Read the questions carefully and code what is asked in the respective code block whenever you see a ``` #TODO: YOUR CODE HERE. ```
It is important to do the Coding tasks IN ORDER, as the majority of coding blocks are dependent on the
previous coding blocks in the notebook.
Please also note that there is a **raise NotImplementedError()** for each task or function you have to
implement, so don't forget to remove it before testing your code, otherwise you will always get a "not
implemented" error.

You need to manually upload the data used in this exercise to Colab. Just create a folder 'data' and paste the respective files into this folder. Otherwise, you will get a 'File not found' error. You can find the data in StudOn.

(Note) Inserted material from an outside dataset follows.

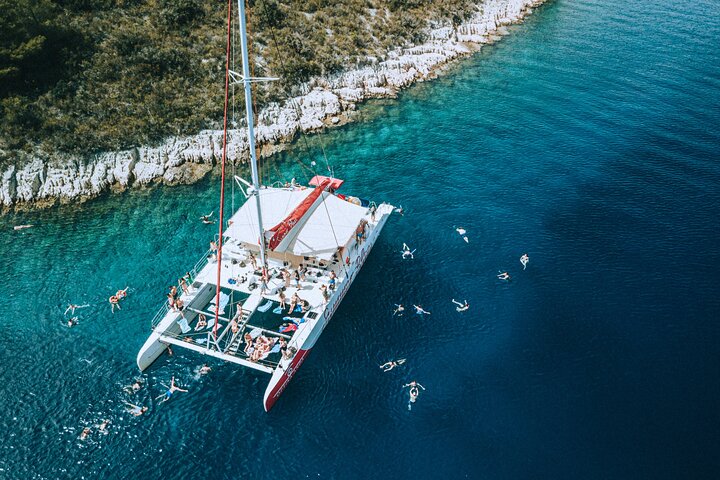 Full-Day Catamaran Cruise to Hvar & Pakleni Islands with Food and free Drinks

Aside from coding blocks, there are also testing blocks to check whether your implementations
are correct, you can run them but do not change the code inside of them.
The tests are determined via the ASSERT STATEMENTS that you see on the testing blocks, which can help you
out during the coding of the exercises. If you pass all the visible asserts, you will probably get a good
grade on the exercise, just remember that there are also hidden tests, so hardcoding the assert statements
won't help you.

REMEMBER: This Colab notebook DOES NOT HAVE AN AUTOSAVE FUNCTION, so whenever you want to close it, please
remember to save it by clicking on the "file" tab in the upper left corner of the page, followed by
clicking on the "Save a copy to GitHub" button and selecting your corresponding GitHub repository:
"madlab-biosig/exercise-x-YourGitHubUsername"

Before you save the final version of your assignment, please make sure everything runs as expected.
First, **restart the kernel** (in the menubar, select Kernel$\rightarrow$Restart) and then **run all
cells** (in the menubar, select Cell$\rightarrow$Run All).
</div>

### BioSig Exercises WS 23/24
---

# Exercise 10

In [5]:
# Imports and basic setup
### UNCOMMENT THE CORRECT ONE
# If you are using Jupyter Lab
#%matplotlib widget

# If you are using Jupyter Notebook
# %matplotlib notebook

import matplotlib.pyplot as plt
plt.rcParams.update({'figure.max_open_warning': 40})
import pandas as pd
import numpy as np
from pathlib import Path
from scipy import signal

## Ex 10.1: Pan-Tompkins 2 - Combining the filters and correcting shifts
In last exercise we implemented all filter stages of the Pan-Tompkins algorithm.
Now we want to combine them to easily apply the algorithm to multiple signals.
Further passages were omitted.